Last week my backyard was a pool due to the rain and the snowmelt. Unfortunately the ground is still frozen and there’s nowhere for the water to go. This means the water pools and the levels get higher, or I find a way to make the water go somewhere else. I had to spend an hour with a pickaxe making a trench to let the water drain away from my garage doors and into a lower portion of my yard. As you can see in the picture above, the dogs didn’t mind.
As much as this weather keeps us inside, I highly recommend you take a walk around the outside of your house. Water is an extremely tenacious intruder and you need to keep an eye on it. How about some times on springtime tips to prevent water entering your home?
Look for areas that the water is pooling. Look for areas that the water could get into a door or window. Look for the source of water, such as an eavestrough or downspout.
Sometimes you can simply carve a trench in the snow or ice to give the water an easy retreat. See my pickaxe fun up above.
Ensure your eavestroughs and downspouts are clear at the top and bottom. Once they are flowing, make sure your downspouts have extensions to discharge as far from the house as is reasonably possible. A good rule of thumb is that it should be at least 6 feet, or at least one foot horizontally for every foot of depth of your foundation below grade.

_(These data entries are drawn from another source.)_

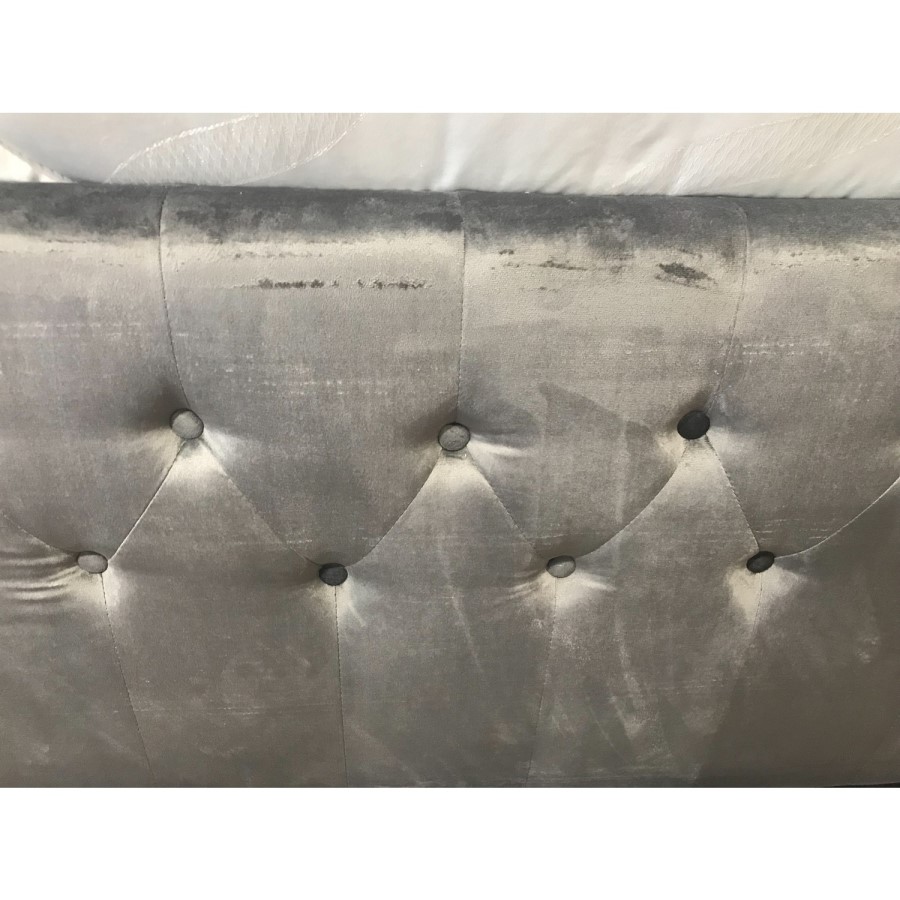 GRADE A2 - Sacha Velvet Day Bed in Anthracite Grey - Trundle Bed Included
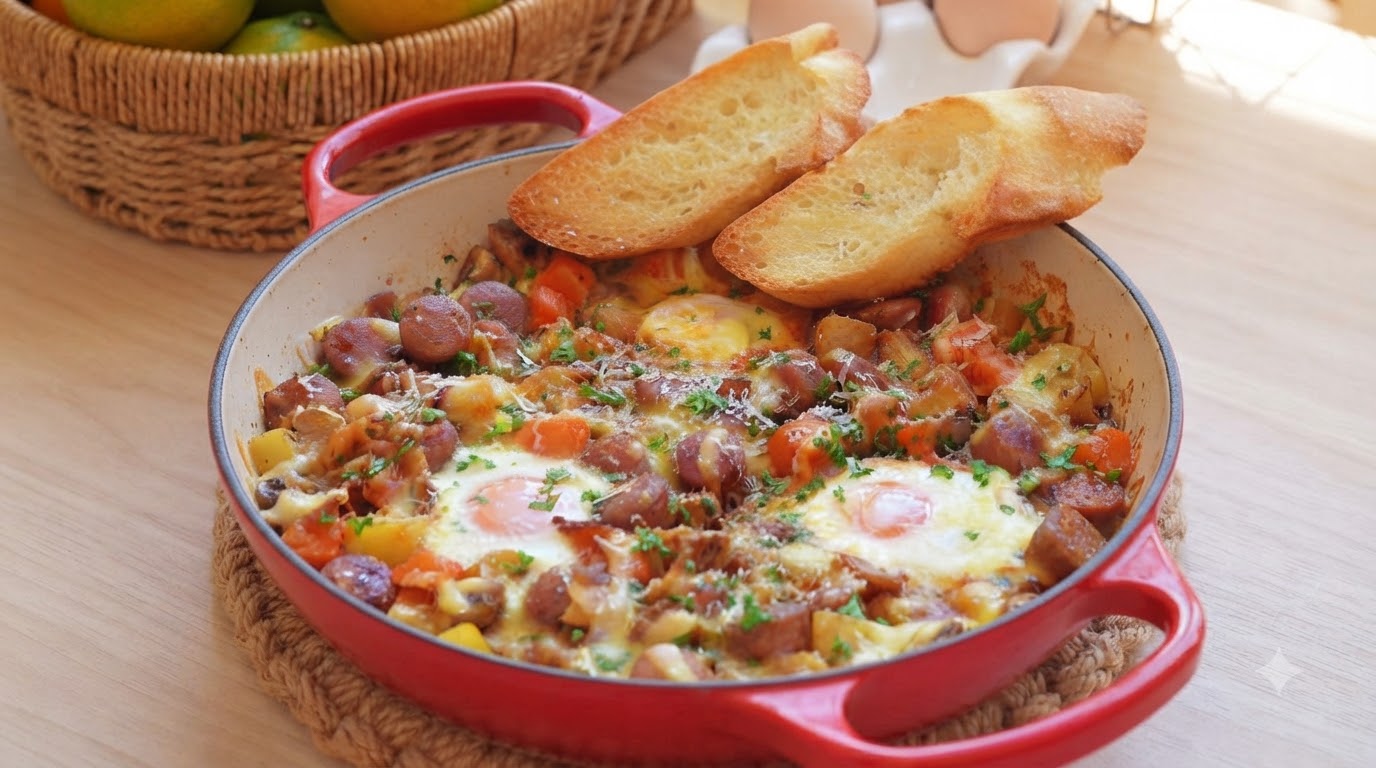 Uova al Forno con Salsiccia Tedesca e Formaggio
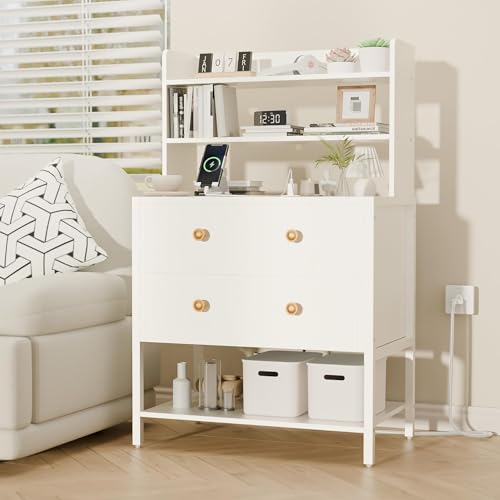 PATAVOT 39 Inch Tall Nightstand with 2 Drawers & Charging Station White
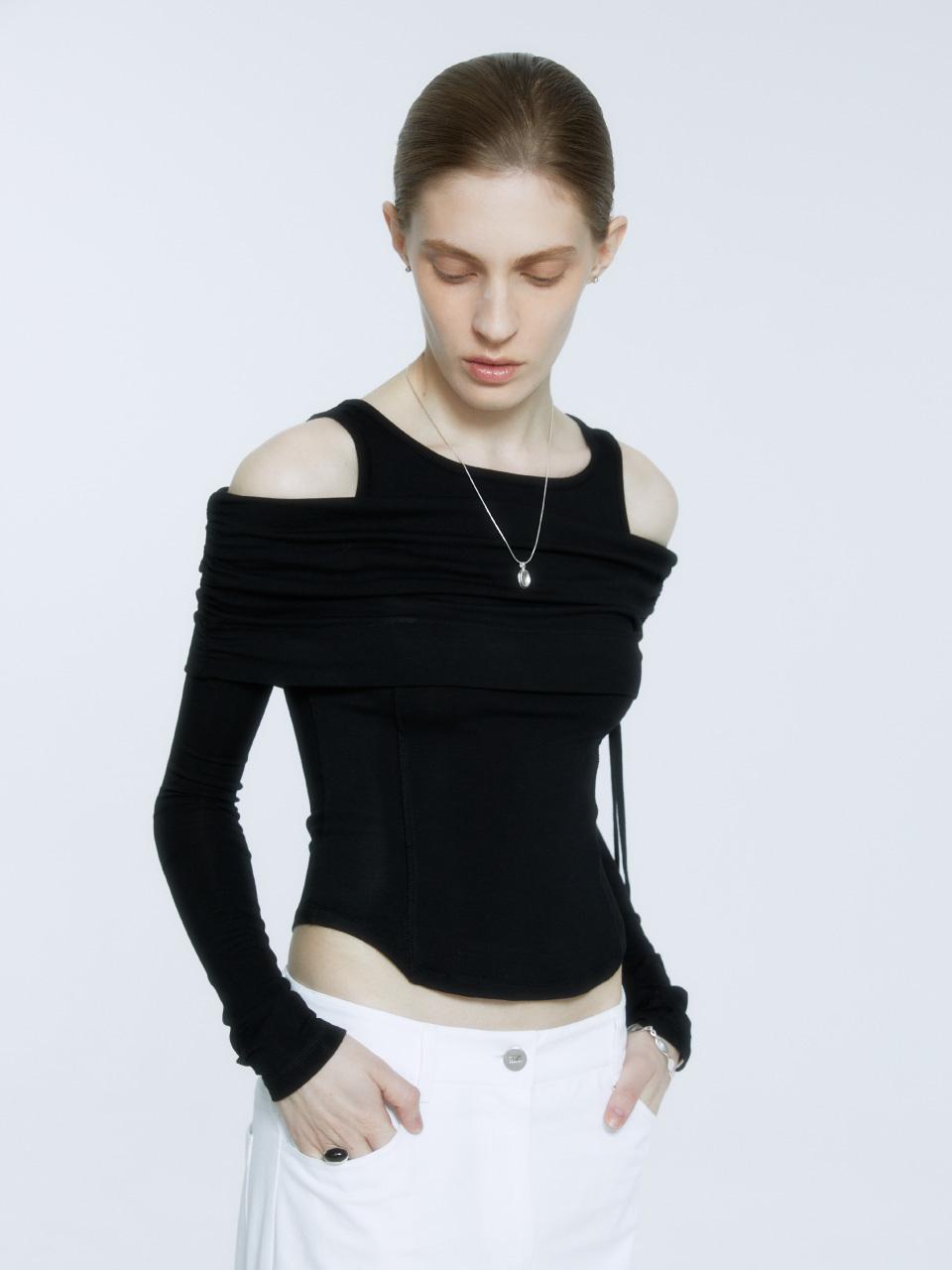 MUSEE GALLIENI Draped Double-layered Off-shoulder Top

Don’t just hope or assume your house is impenetrable. If there’s any chance at all the water might get in you want to plan for that. Make sure valuables are up off the basement floor by at least a small amount. That might make a difference between an annoying wet floor or the destruction of precious belongings.
It doesn’t hurt to install a few water sensors in areas that are most likely to suffer water infiltration. They can be standalone sensors or they can be connected to your alarm system or smart phone. They will alarm or send a signal if they get wet.
Test your sump pump regularly. If it isn’t working properly, replace it. The $1-200 to replace your pump is a heck of a lot lower than your $2000 water damage deductible. And that assumes your policy covers water damage.
While we’re on insurance, when was the last time you reviewed your insurance policy with your trusted insurance professional? Ask them about discounts for sump pumps, backflow preventing valves, etc.
Between snowmelt and spring rains, as well as sporadic freezing and thawing temperatures, there is a lot of opportunity for water to become an unexpected and unwanted intruder in your home. You should consider water to be much more of a threat to your home than fire or human shenanigans. A little bit of vigilance goes a long way to keeping water out and keeping your house safe.
And hey. Sometimes we find interesting things when the snow melts away. At a recent home inspection these shoes made themselves apparent after a winter hibernation.